Who We Are

Ronald Sokol

After a half century litigating in the U.S., France, and England, I argued my last case in 2025 and have now limited my practice to advising on cross border inheritances, drafting wills, winding up of estates, French tax aspects of estate planning, trust issues, negotiating and advising on the purchase of secondary homes in France, and a few other matters.

I continue to write. My latest book, co-authored with my son Daniel, a barrister in London, is A Young Person’s Guide to Law and Justice (2024). I tried to deal with the messy issue of the French treatment of trusts in a law review article French Fear of Trusts and the Law of 29 July 2011. My book on Federal Habeas Corpus has been cited by the U.S. Supreme Court and federal courts throughout the United States.
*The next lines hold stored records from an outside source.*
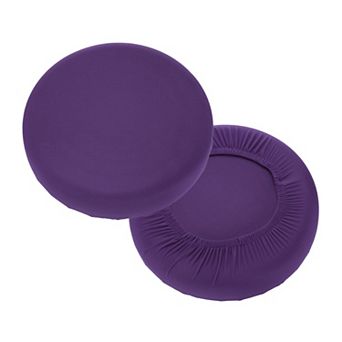 Stool Covers Round, Washable Dustproof Slipcover Seat Cushion 2 pc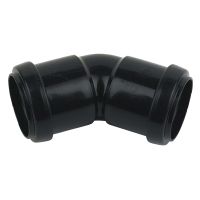 FloPlast 32mm Black Push Fit 135° Swept Bend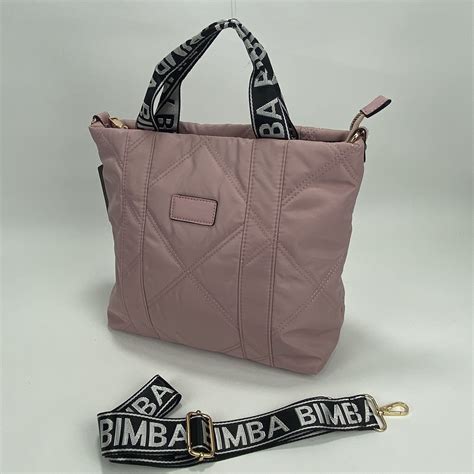 Bolso Mujer Lona Rosa Nude Glamour Complementos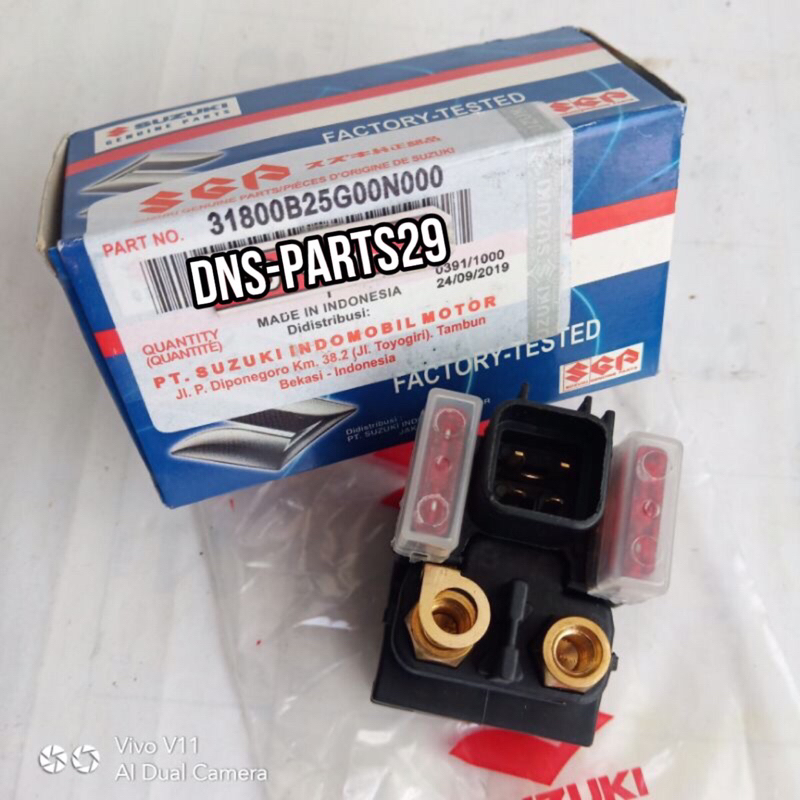 BENDIK STATER SWITCH STATER SUZUKI SATRIA FU 150 KARBU SATRIA FU 150 FI INJEKSI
I hold both JD and LLM degrees from the University of Virginia. I have taught a seminar on justice at Imperial College, London, in Norway and on international law in France. I have contributed op-ed articles to the New York Times and Project Syndicate. I speak English and French.

Daniel Sokol

Daniel, who is based in London, is a barrister specializing in clinical negligence. He has an international reputation in the field of medical ethics and writes regularly for the British Medical Journal. He is sought after as a litigator in medical malpractice and in the field of education law. In 2012 he founded Alpha Academic Appeals which represents students in disciplinary cases. He has sat on committees of the Ministry of Defence, the Ministry of Justice, and the Royal College of Surgeons. He is past Chair of the Metropolitan Police Research Ethics Committee (2020-2025) and past President of the Osler Club (2023-2025). He has published 5 books on medical ethics and law, and hundreds of scholarly and journalistic articles.